The compilers generate code for IA-32 and Intel 64 architectures and certain non-Intel but compatible processors, such as certain AMD processors. A specific release of the compiler (11.1) is available for development of Linux-based applications for IA-64 (Itanium 2) processors.

The 13.0 release adds support for the Intel Xeon Phi coprocessor. It continues support for automatic vectorization, which can generate SSE, SSE2, SSE3, SSSE3, SSE4, AVX and AVX2 SIMD instructions, and the embedded variant for Intel MMX and MMX 2. Use of such instruction through the compiler can lead to improved application performance in some applications as run on IA-32 and Intel 64 architectures, compared to applications built with compilers that do not support these instructions.
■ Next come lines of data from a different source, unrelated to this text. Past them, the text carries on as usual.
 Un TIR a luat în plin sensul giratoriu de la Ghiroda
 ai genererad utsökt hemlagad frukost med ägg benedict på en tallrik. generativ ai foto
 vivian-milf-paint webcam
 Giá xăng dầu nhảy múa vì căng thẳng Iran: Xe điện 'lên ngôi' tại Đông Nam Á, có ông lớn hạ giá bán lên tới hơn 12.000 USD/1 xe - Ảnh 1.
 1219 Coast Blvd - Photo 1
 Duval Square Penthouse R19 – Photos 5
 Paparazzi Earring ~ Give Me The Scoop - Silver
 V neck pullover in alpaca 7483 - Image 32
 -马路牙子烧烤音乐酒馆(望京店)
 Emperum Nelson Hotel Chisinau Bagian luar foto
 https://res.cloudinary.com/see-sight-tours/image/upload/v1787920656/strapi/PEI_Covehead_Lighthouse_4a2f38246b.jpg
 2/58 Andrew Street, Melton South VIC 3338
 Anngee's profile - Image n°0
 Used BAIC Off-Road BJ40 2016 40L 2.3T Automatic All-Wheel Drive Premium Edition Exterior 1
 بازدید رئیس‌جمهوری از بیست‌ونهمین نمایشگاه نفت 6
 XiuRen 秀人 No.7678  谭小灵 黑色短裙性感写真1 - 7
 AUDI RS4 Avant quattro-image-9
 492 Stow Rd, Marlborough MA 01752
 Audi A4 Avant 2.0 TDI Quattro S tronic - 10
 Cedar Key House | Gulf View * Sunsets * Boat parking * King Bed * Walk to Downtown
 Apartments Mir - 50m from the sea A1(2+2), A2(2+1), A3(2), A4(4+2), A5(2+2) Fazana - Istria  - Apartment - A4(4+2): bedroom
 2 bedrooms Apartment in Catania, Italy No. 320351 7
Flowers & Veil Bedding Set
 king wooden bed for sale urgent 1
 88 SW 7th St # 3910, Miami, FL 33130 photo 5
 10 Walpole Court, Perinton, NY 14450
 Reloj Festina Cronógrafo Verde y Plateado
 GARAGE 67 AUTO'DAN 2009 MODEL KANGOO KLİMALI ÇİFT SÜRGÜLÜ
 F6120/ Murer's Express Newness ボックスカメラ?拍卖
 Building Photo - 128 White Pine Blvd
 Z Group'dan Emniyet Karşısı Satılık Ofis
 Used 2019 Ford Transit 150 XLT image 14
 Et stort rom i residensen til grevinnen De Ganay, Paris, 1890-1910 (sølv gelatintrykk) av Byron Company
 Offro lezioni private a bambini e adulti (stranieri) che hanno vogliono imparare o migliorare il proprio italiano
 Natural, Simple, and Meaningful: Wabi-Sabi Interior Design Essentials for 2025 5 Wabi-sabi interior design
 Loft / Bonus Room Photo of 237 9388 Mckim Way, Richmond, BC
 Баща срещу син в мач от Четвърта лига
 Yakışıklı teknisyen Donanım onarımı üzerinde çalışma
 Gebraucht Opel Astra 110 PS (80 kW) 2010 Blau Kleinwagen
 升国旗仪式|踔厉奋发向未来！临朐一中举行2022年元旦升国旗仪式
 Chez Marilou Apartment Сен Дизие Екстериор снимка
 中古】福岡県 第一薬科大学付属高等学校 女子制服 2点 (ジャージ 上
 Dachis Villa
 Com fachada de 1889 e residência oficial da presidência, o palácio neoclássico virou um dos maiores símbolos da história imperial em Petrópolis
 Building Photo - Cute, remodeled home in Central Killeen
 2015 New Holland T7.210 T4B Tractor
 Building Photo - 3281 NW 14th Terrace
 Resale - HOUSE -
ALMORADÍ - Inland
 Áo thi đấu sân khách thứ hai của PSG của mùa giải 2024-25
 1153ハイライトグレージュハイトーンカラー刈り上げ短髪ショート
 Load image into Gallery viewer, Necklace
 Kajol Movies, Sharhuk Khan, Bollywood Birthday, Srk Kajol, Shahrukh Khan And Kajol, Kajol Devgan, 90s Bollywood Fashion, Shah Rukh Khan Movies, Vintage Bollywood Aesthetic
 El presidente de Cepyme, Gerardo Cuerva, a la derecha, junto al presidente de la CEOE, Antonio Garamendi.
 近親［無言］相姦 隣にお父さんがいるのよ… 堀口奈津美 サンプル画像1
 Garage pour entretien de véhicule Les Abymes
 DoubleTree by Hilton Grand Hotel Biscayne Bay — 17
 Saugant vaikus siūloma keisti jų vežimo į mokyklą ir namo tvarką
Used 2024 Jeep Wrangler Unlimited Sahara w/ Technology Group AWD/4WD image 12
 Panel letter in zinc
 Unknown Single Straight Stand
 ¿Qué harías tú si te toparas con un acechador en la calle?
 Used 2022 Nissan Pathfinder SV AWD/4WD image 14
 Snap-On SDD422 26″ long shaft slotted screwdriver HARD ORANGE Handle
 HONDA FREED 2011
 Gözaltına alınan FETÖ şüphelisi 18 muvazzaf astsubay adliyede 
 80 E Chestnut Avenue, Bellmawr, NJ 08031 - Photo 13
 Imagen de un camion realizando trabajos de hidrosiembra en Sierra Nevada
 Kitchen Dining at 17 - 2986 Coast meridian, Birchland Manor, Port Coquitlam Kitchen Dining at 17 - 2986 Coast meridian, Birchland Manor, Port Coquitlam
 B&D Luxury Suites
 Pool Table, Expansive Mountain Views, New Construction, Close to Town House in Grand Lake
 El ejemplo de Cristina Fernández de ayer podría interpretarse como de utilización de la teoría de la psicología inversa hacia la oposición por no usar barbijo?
Intel compilers continue support for Intel Cilk Plus, which is a capability for writing vectorized and parallel code that can be used on IA-32 and Intel 64 processors or which can be offloaded to Xeon Phi coprocessors. They also continue support for OpenMP 3.1, symmetric multiprocessing, automatic parallelization, and Guided Auto-Parallization (GAP). With the add-on Cluster OpenMP capability, the compilers can also automatically generate Message Passing Interface calls for distributed memory multiprocessing from OpenMP directives.

Intel C++ is compatible with Microsoft Visual C++ on Windows and integrates into Microsoft Visual Studio. On Linux and OS X, it is compatible with GNU Compiler Collection (GCC) and the GNU toolchain. Intel compilers are known for the application performance they can enable as measured by benchmarks, such as the SPEC CPU benchmarks.